Entrando a Múnich se me encogió el corazón. Hay un aire denso, cargado, espeso. Lo que hacemos no queda en el pasado, repercute en el hoy. La energía de las atrocidades permanece, hay un remolino de gritos sordos, llantos, angustia, miedo, y también un sonidito, como un pitido, de la victoria. Aún se escucha. Latente. Palpitando.
Hace unos años, no siglos, el sadismo invadió el territorio, y se expandió. Llegó a límites insospechados.

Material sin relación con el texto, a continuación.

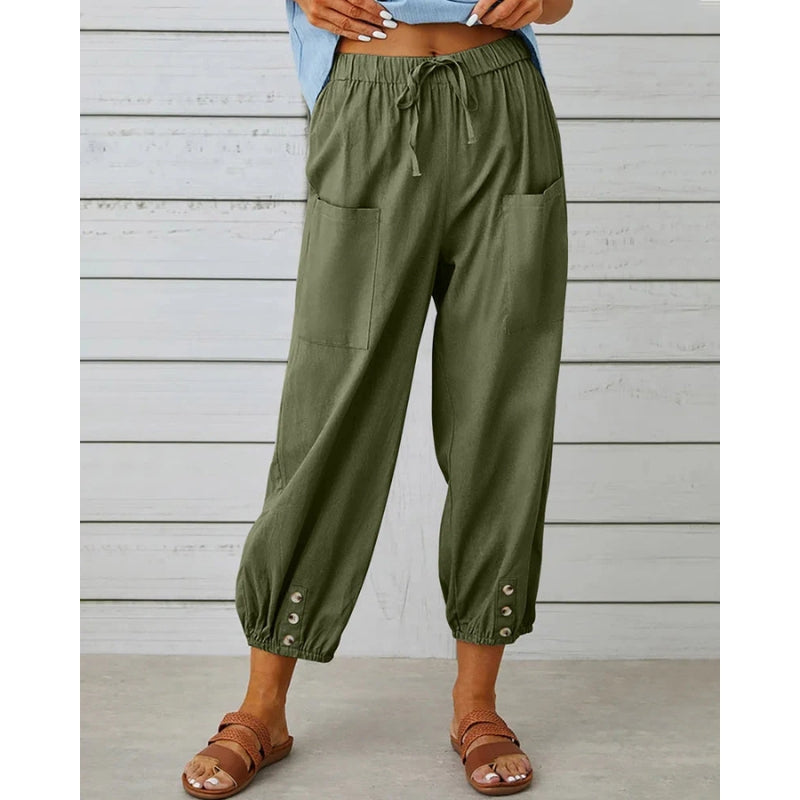 Mila – Relaxed Fit Broek met Trekkoord Taille en Zakken details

¿Por qué es tan fácil extender el mal para el ser humano? Parece que tenemos una predeterminación innata para hacernos daño. ¿Afán de poder? No sé como llamarlo pero nos vuelve locos, nos trastoca. Éste es un hecho, con millones de consecuencias. ¿Pero cuanto ha habido?
En Argentina también tuvimos la famosa dictadura, o dictaduras, pero recordamos ESA, la que ha derribado familias, ha metido el temor en el cuerpo, y ha esfumado gente. Los desaparecidos. “Son una incógnita, no tienen entidad, no están ni vivos ni muertos”.

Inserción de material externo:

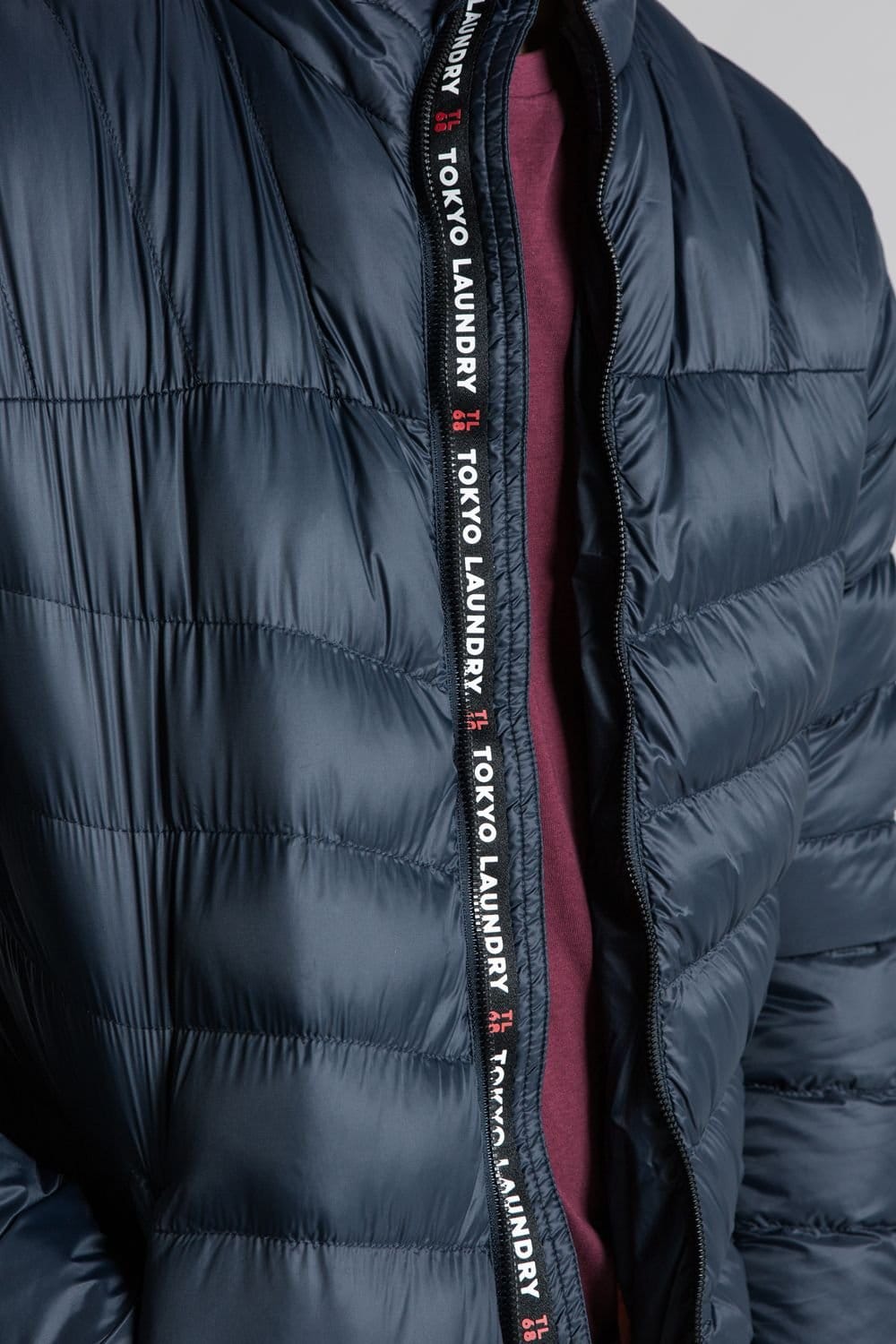 Tokyo Laundry Tokyo Laundry Men's Padded Funnel Neck Full Zip Jacket in Navy - 4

Caza de brujas, guerras mundiales, guerras civiles, política, religión… Tenemos un bagaje amplio de excusas para infringir daño, coacción, torturas, corrupción, terror…
Y cansados de decir “nunca más”, seguimos. ¿Por qué? Miles de razones tachadas de “fundamentadas” pero ninguna justifica semejantes locuras.
Somos hijos del mundo, un mundo que se ha convertido de nuestro hogar a lugar inhóspito y casi inhabitable.